Before reading fellow AiPT columnist David Brooke’s reviews of the previous issues of Oz, I never had any inclination to read a Zenescope book. But curiosity got the best of me, and Dave helped catch me up on the miniseries before I read this latest issue. But the question still remains: is it good?
Oz #4 (Zenescope Entertainment)
Before we start the discussion of the issue proper, take a look at this cover, courtesy of artist Mike Capprotti:
Hey, kids… BOOBS!
That’s the image on the cover that I received, “Cover B.” A ridiculous image, yes, but at least it’s not as bad as Cover D by Paolo Pantalena:
Now why on Earth aren’t more women reading comics?
To be fair, Zenescope does offer covers that aren’t all about T&A, like Cover E by Ale Garza:
I’ve always wanted the Tin Man to go straight-up Terminator.
But still, the vast majority of the covers that I’ve seen from Zenescope in general look like this issue’s Cover A by Ken Lashley:
Why do so many comic book heroines look like they’ve been trained to fight by the same stripper?
I’m bringing up all these covers to make a point.

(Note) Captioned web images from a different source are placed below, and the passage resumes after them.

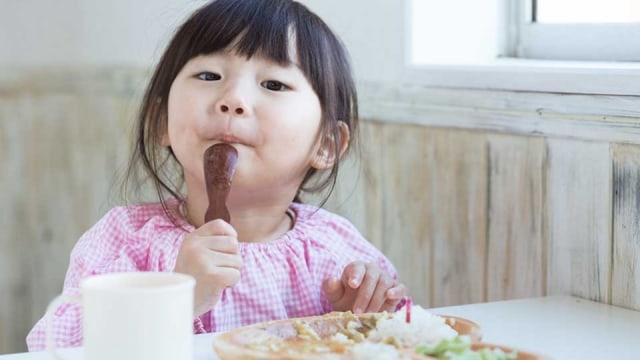 Mendidik Anak Untuk Makan Sendiri, Cara Apa yang Bisa Dilakukan Orangtua?
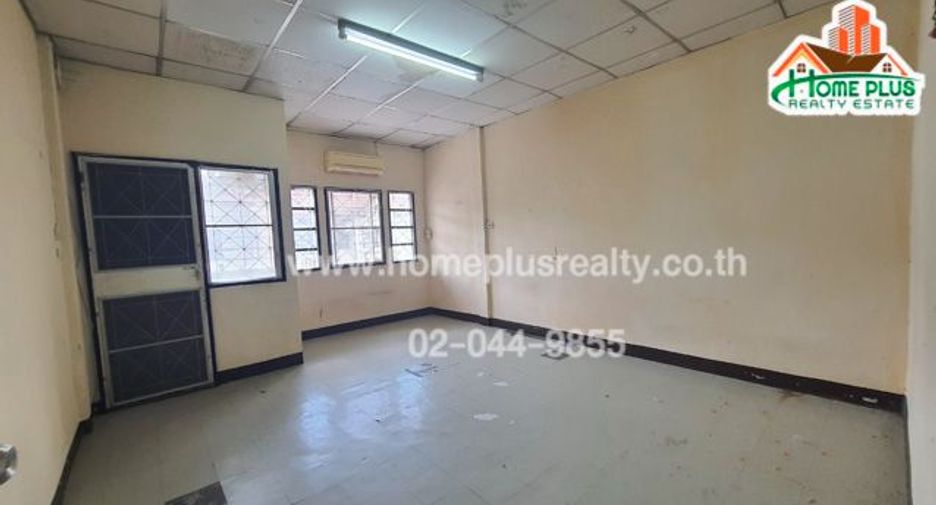 For sale 2 bedrooms townhouse in Bangkok Noi, Bangkok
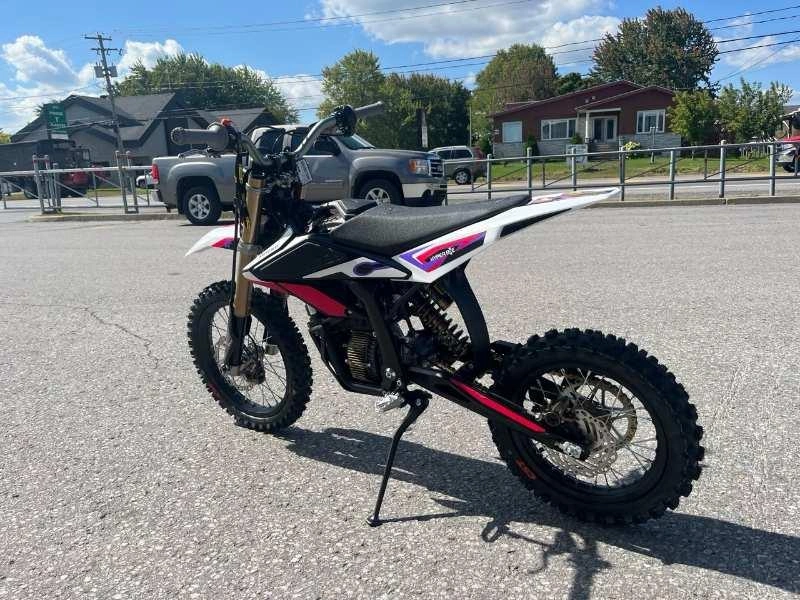 Surron Hyper Bee 2025 alt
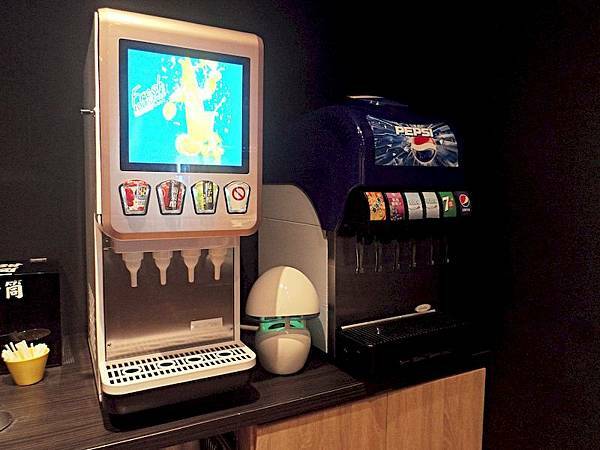 美食 ░ 高雄火鍋【舞古賀鍋物】bukogashabushabu瑞豐夜市頂級海鮮x高檔肉品和牛吃到飽,饕客們推廣的火鍋首選!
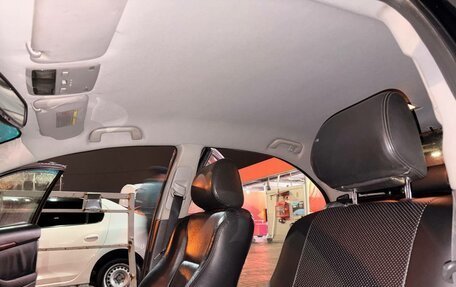 Toyota Avensis III рестайлинг, 2005 год, 600 000 рублей, 13 фотография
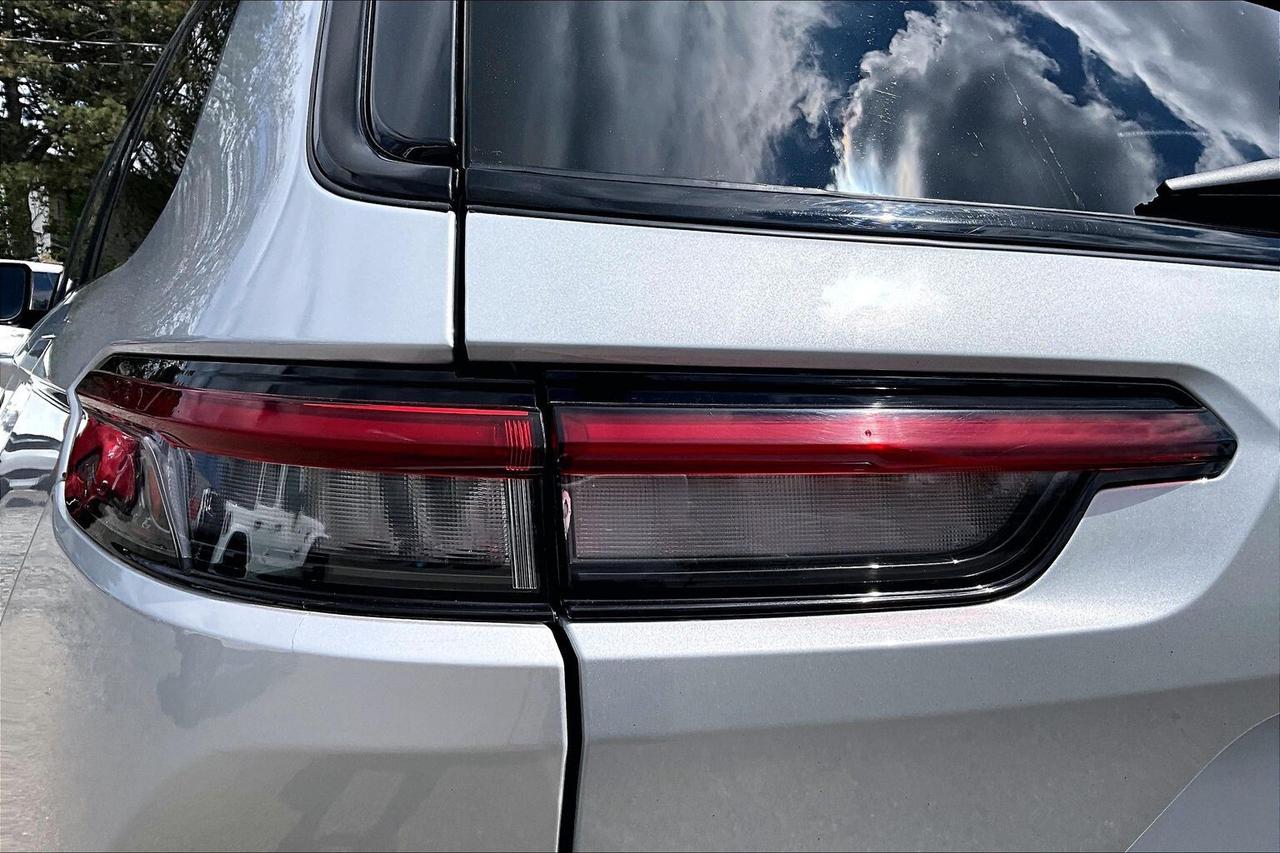 2024 Jeep Grand Cherokee L Limited Black App |Lux Tech |Panoroof |Alpine |4X4 Photo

We’ve all been taught not to “judge a book by its cover,” and from a storytelling standpoint, that tends to be true. I’ve read plenty of great books with terrible covers, and vice versa.
But from a marketing standpoint, it’s a bit more complicated. Publishers choose to print covers that they believe will best appeal to the target audience. Sure, there’s always the hope that they can gain new readers outside of the target demographics, but it would be foolish to adorn Oz #4 with a cover of, say, Scarecrow sitting contemplatively on a stump in a quiet forest. Comic book covers in particular rarely give any sort of preview for readers in terms of plot details, but they set a tone and speak to potential consumers.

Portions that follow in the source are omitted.